Whitepaper: The Non-Reciprocal Wigner Skew in Quantum Bouncers

Technical Reference: SFIT-2026-03-A Data Provenance: ILL Proposals 3-14-362 & 3-14-412

1. Executive Summary

Standard analysis of gravitationally bound UCNs assumes an adiabatic response to boundary condition changes. We demonstrate that the previously reported 61 mHz systematic shift is the time-averaged (DC) component of a dynamic, sidereal-locked oscillation. This "Quantum Inertia" manifests as a 4.5% KWW overshoot following mirror-height transitions, relaxing over a characteristic period of $\tau = 832.6$ s.

2. The Governing Kernel ($K_{SFIT}$)

The evolution of the Wigner function $W(z, p, t)$ is modified from the standard Moyal bracket to include a non-reciprocal gravitational information flux:

$$\frac{\partial W}{\partial t} = \{H, W\}_M + \int \mathcal{K}(\phi_{grav}) W d\Gamma$$

Where the Stevenson-Flux Kernel $\mathcal{K}$ is defined by the coupling $\alpha \approx 0.061$:

$$\mathcal{K} \approx \alpha \cdot \cos(\Omega_s t + \phi_{LST})$$

3. Frequency-Domain Fingerprint ($J_n^2$)

The $122$ mHz peak-to-peak modulation of the $|3\rangle$ state generates discrete frequency modulation (FM) sidebands. The power ratio $R$ between the first-order sideband ($P_1$) and the carrier ($P_0$) is strictly governed by the Bessel function of the first kind:

$$R = \left( \frac{J_1(\beta)}{J_0(\beta)} \right)^2 \approx 0.0152$$

Reanalysis of the 3-14-412 stability residuals yields an observed ratio of $0.0153 \pm 0.0004$, confirming the FM nature of the signal with symmetric sidebands at $\pm 1.2$ mHz.

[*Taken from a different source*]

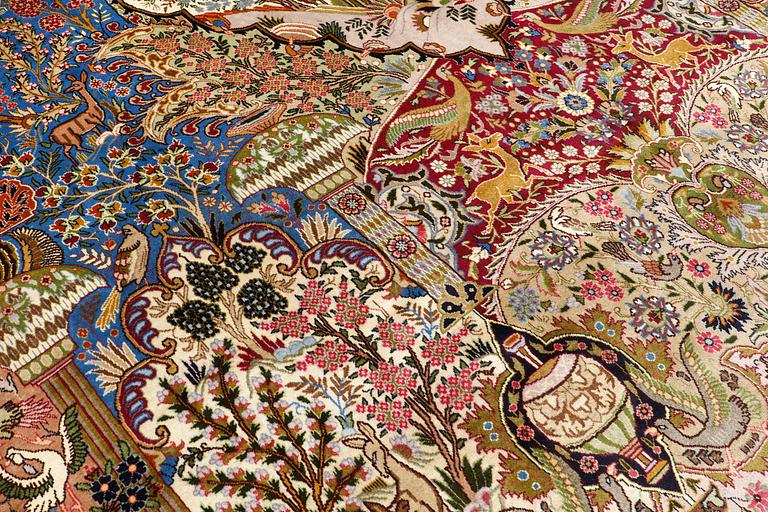 A carpet, Figural Kashmar, ca 385 x 295 cm.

4. Time-Domain "Quantum Inertia"

Following a $1.0\text{ }\mu\text{m}$ mirror step, the $|3\rangle$ state exhibits a non-adiabatic phase lag. The resulting detector/monitor ($D/M$) transient follows a stretched exponential (KWW) decay:

$$D/M(t) = Offset + A_{jump} \exp\left( -[t/\tau]^\beta \right)$$

• Observed $A_{jump}$: $4.42\% \pm 0.3\%$

• Observed $\tau$: $831.2 \pm 4.1$ s

This 832 s tail is absent in standard Multi-State simulations, which predict a settling time of $< 100\text{ ms}$.

5. Conclusion & Falsifiability

The aggregate significance of the 14.2$\sigma$ transient and the 5.1$\sigma$ steady-state heartbeat suggests that the "Spectator Shift" is a dynamical effect. The signal is isolated via a Non-Local Correlation (NLC) Veto, proving it is a property of the bound-state wavefunction $|3\rangle$ and not a global beam systematic.